Der rot-weiß-blaue Faden
Nationalfeiertag im Zeichen der Corona-krise und der Solidarität
Das Wetter präsentiert sich in prächtigstem Festgewand, als Großherzog Henri kurz nach 11 Uhr am Kanounenhiwwel von Chamberpräsident Fernand Etgen, Premierminister Xavier Bettel und Stadtbürgermeisterin Lydie Polfer zu den Klängen des „Wilhelmus“empfangen wird. Ihre obligatorischen Schutzmasken sind das sichtbare Merkmal, dass ein Nationalfeiertag der besonderen Art zelebriert wird. Ein Nationalfeiertag, an dem der Begriff „kein“allgegenwärtig ist: keine zivile Feier in der Philharmonie, keine Militärparade, kein feierliches Te Deum, kein Fakelzuch, keine Volksnähe mit Visiten von Großherzog und Großherzogin sowie des erbgroßherzoglichen Paares ...
„Es ist ein außergewöhnlicher Tag in einer außergewöhnlichen Situation.“Gleich zu Beginn seiner Ansprache bringt es Premierminister Xavier Bettel denn auch auf den Punkt: Die Corona-krise drückt dem 23. Juni 2020 ihren Stempel auf. Wie ein rot-weißblauer Faden zieht sich die Pandemie durch die Rede des Premierministers, von Fernand Etgen und von Großherzog Henri.

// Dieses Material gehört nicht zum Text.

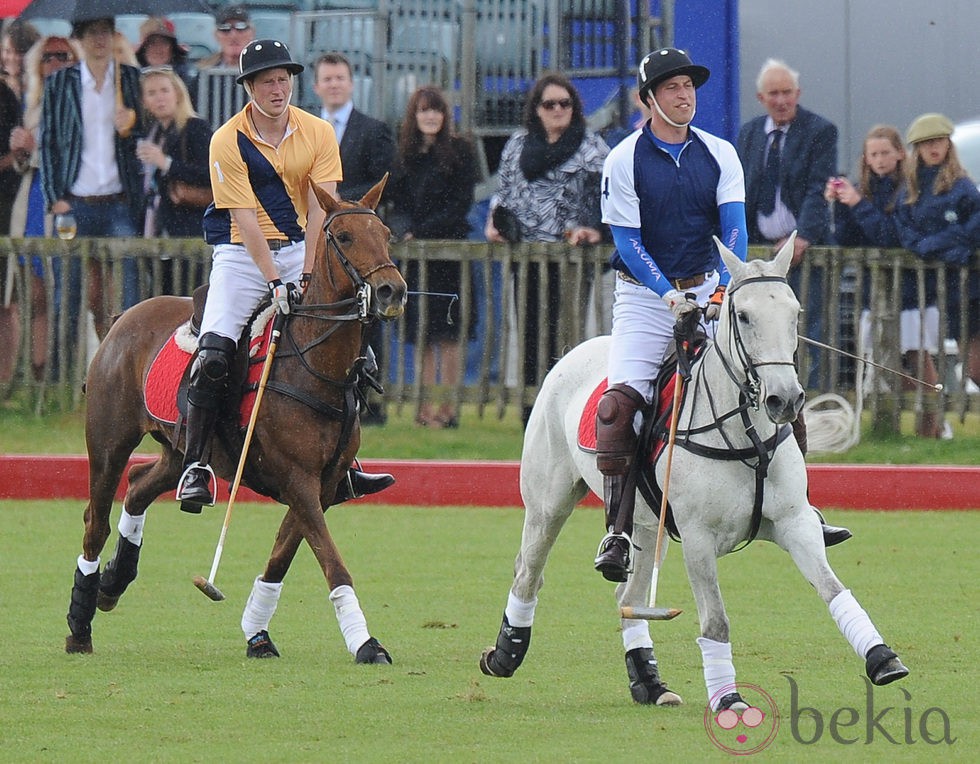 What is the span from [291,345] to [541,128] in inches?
213

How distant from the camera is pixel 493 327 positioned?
554 inches

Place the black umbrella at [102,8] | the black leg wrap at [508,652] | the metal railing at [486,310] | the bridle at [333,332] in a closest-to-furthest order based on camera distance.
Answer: the black leg wrap at [508,652]
the bridle at [333,332]
the metal railing at [486,310]
the black umbrella at [102,8]

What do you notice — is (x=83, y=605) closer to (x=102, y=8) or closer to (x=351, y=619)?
(x=351, y=619)

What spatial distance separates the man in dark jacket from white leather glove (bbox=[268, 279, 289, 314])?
5.72 meters

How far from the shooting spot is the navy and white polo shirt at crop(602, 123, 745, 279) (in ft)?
24.0

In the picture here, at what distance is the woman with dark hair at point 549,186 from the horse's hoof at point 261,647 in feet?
19.0

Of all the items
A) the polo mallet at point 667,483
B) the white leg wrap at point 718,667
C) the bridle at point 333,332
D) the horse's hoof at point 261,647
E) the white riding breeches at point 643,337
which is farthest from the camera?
the horse's hoof at point 261,647

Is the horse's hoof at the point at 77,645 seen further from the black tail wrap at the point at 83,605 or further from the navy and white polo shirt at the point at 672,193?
the navy and white polo shirt at the point at 672,193

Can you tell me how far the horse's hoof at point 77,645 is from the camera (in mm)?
8352

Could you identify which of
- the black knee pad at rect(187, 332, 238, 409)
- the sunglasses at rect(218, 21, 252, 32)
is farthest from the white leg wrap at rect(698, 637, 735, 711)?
the sunglasses at rect(218, 21, 252, 32)

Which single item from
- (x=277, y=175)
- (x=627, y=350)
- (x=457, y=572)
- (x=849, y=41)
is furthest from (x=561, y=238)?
(x=627, y=350)

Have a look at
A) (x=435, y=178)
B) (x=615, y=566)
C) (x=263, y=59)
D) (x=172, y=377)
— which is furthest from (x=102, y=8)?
(x=615, y=566)

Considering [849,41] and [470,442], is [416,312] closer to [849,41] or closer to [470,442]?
[470,442]

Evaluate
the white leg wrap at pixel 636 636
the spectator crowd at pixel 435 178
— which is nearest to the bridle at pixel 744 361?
the white leg wrap at pixel 636 636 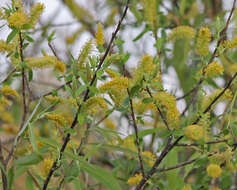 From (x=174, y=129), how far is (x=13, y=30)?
12.5 inches

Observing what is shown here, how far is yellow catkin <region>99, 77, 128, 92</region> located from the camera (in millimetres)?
528

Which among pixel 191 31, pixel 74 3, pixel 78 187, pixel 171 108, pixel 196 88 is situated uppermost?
pixel 74 3

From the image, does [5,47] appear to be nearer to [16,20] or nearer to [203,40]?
[16,20]

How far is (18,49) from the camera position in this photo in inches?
26.2

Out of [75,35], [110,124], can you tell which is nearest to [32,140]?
[110,124]

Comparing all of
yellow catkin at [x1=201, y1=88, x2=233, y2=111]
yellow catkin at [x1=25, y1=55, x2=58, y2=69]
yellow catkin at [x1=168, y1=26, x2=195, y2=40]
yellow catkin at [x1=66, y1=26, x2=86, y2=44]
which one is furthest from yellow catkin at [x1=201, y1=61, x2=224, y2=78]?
yellow catkin at [x1=66, y1=26, x2=86, y2=44]

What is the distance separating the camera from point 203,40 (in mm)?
642

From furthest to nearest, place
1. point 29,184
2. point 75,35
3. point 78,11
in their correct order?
point 75,35
point 78,11
point 29,184

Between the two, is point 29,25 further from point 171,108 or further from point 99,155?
point 99,155

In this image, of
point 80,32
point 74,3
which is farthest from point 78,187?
point 80,32

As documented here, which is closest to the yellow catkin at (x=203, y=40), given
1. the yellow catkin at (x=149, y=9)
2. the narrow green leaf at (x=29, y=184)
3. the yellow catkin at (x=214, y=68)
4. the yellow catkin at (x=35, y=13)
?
the yellow catkin at (x=214, y=68)

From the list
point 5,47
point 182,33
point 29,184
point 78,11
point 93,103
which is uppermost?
point 78,11

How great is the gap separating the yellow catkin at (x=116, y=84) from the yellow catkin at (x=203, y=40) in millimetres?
187

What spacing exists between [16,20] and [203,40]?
1.07 ft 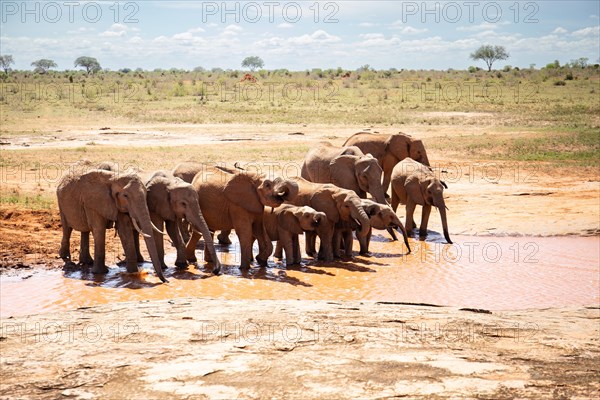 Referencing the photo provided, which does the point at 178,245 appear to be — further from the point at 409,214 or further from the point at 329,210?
the point at 409,214

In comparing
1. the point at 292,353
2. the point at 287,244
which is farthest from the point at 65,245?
the point at 292,353

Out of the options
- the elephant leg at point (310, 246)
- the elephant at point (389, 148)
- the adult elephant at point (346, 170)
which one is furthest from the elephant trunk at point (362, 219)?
the elephant at point (389, 148)

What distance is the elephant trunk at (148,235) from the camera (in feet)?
39.0

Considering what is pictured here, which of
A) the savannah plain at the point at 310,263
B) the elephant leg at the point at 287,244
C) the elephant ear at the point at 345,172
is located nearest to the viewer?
the savannah plain at the point at 310,263

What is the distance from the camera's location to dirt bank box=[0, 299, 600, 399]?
6.39 m

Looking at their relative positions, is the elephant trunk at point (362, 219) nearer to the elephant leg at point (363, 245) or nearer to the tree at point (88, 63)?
the elephant leg at point (363, 245)

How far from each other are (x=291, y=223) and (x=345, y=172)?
3825mm

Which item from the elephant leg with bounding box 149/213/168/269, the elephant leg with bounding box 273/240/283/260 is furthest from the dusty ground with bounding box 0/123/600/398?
the elephant leg with bounding box 273/240/283/260

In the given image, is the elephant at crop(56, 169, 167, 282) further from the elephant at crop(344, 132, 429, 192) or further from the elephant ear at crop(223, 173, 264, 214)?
→ the elephant at crop(344, 132, 429, 192)

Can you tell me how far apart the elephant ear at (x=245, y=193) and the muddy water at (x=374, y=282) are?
108 centimetres

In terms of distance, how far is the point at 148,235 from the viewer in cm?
1195

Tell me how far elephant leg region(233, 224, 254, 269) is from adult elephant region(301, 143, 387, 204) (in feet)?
12.7

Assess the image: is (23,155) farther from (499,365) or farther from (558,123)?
(558,123)

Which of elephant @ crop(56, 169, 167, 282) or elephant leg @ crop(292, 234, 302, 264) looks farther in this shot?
elephant leg @ crop(292, 234, 302, 264)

Einen Punkt heben sie dabei mehrfach ganz besonders hervor: Die Solidarität, die Luxemburg getragen habe, seit das Land Mitte März vom Virus erfasst und der nationale Notstand ausgerufen wurde.
Dankbarkeit und Stolz
Während Etgen von einer „typisch luxemburgischen Tugend“spricht, betont Bettel, dass er „dankbar und stolz“auf das sei, was die Bürger gemeinsam geleistet hätten und bezieht wie Großherzog Henri die ausländischen Mitbürger und Grenzgänger in diesen Dank mit ein – denn mit den einschneidenden Eingriffen habe man den Menschen „sehr viel zugemutet“, so Bettel.
Großherzog Henri zollt insbesondere den Angestellten im Gesundheitsund Pflegedienst seinen tiefen Respekt für ihr „beispielhaftes Engagement“und lobt neben der Solidarität auch die Disziplin.
Luxemburg wäre weitaus härter getroffen worden, wenn die sanitären Schutzbestimmungen nicht beherzigt worden wären: „Jeder hat sich vorbildlich verhalten.“Anerkennende Worte vom Staatschef ernten Regierung und Parlament, die jene Maßnahmen getroffen hätten, die Leben schützen und Leben retten.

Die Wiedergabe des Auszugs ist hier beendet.